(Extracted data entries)
* * * * *

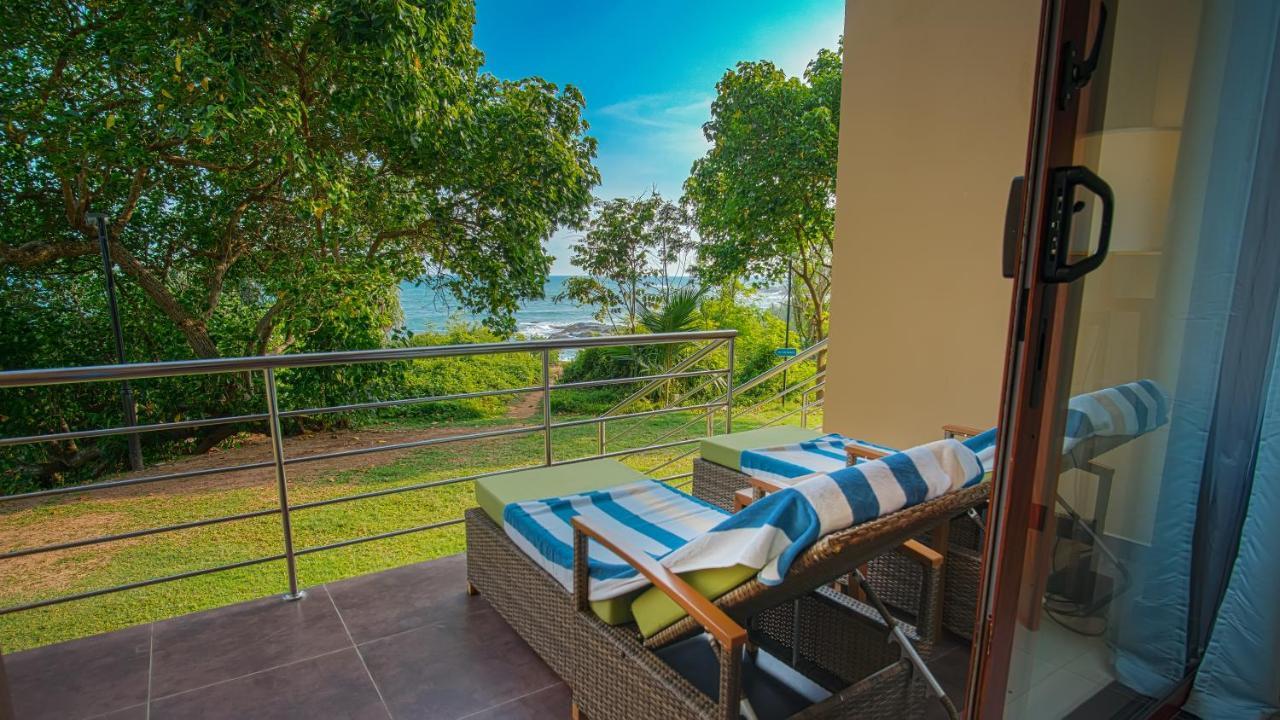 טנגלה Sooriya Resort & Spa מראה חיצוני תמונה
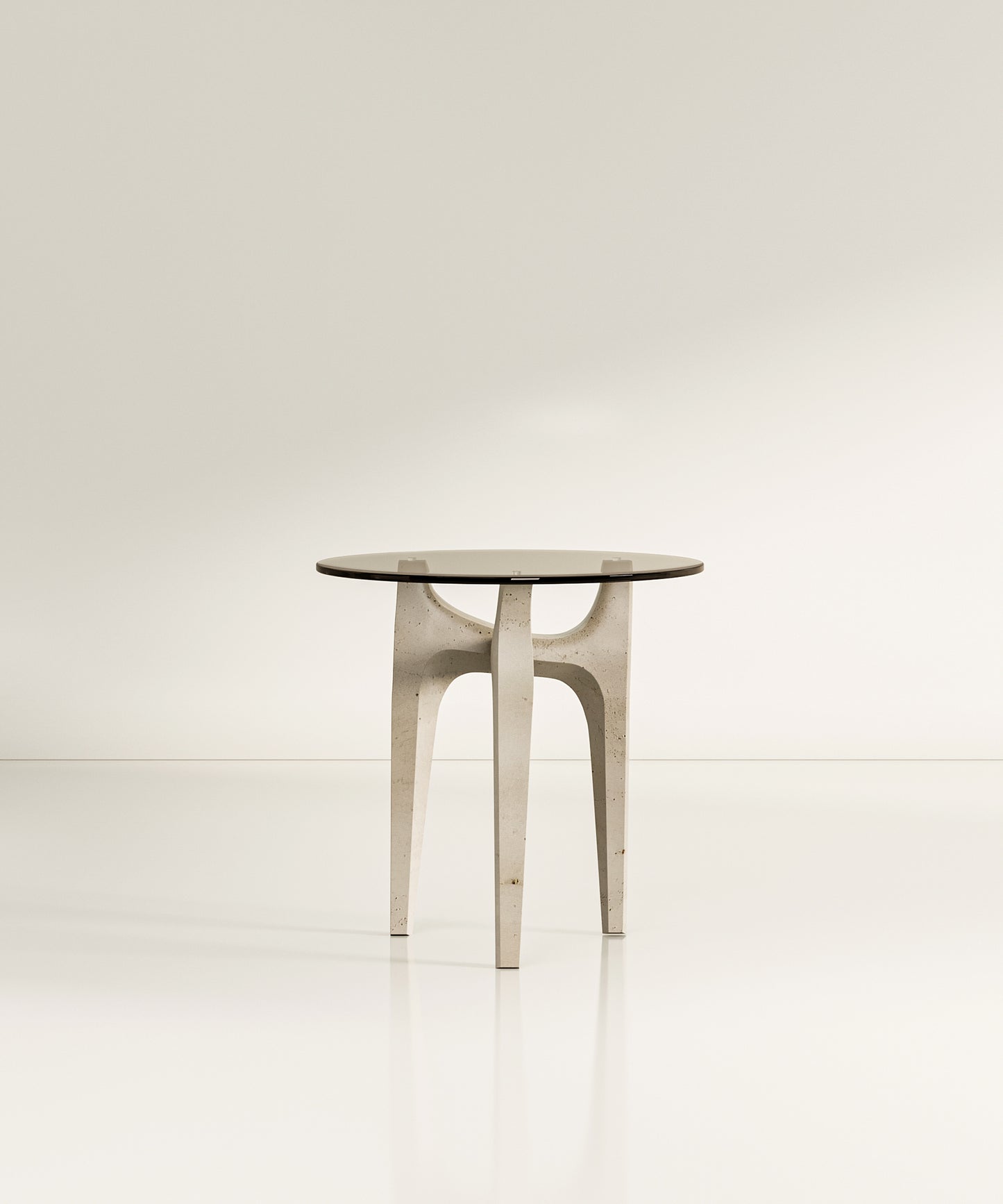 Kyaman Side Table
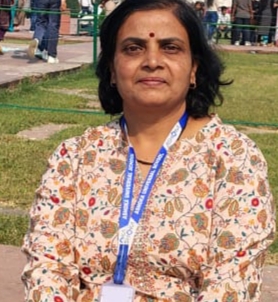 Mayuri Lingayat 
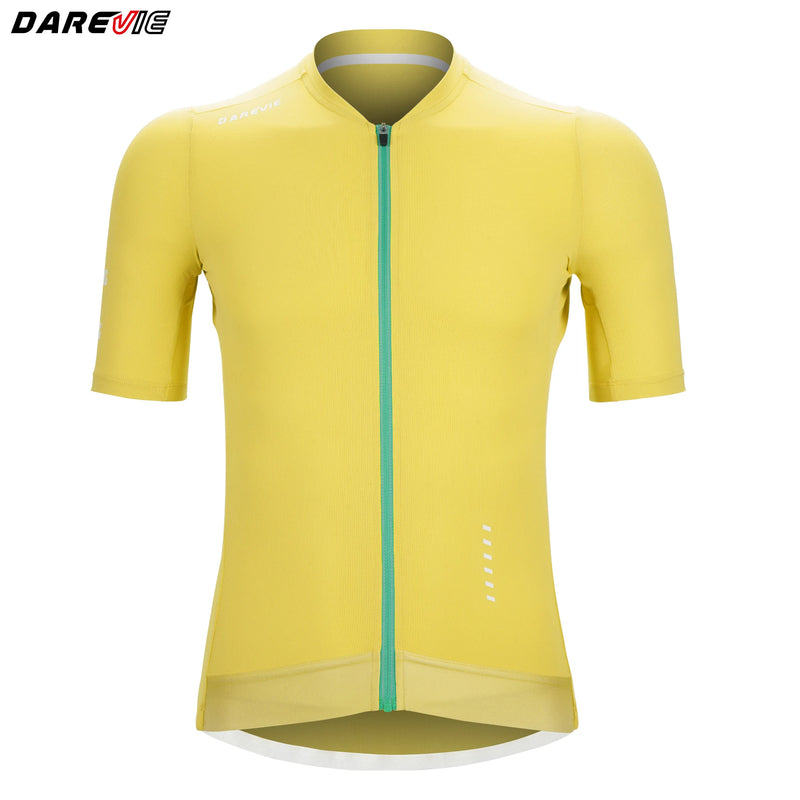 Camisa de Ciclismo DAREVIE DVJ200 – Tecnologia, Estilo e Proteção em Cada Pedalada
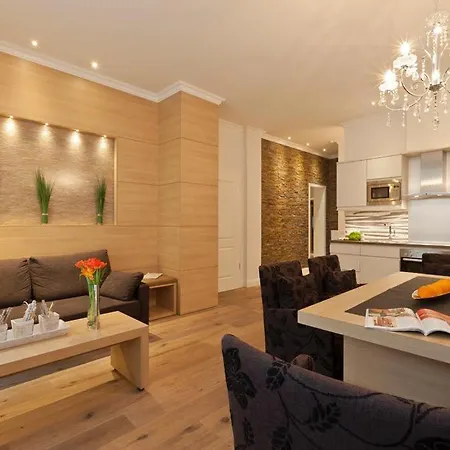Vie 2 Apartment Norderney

* * * * *

INSTRUCTIONS TO FOLLOW — Nothing but the lines from the one containing "Kyaman Side Table" through the last line of the records should appear in the copy, exactly as written and without pictures.

RESULT BELOW —
 Kyaman Side Table
 Mayuri Lingayat 
 Camisa de Ciclismo DAREVIE DVJ200 – Tecnologia, Estilo e Proteção em Cada Pedalada
Vie 2 Apartment Norderney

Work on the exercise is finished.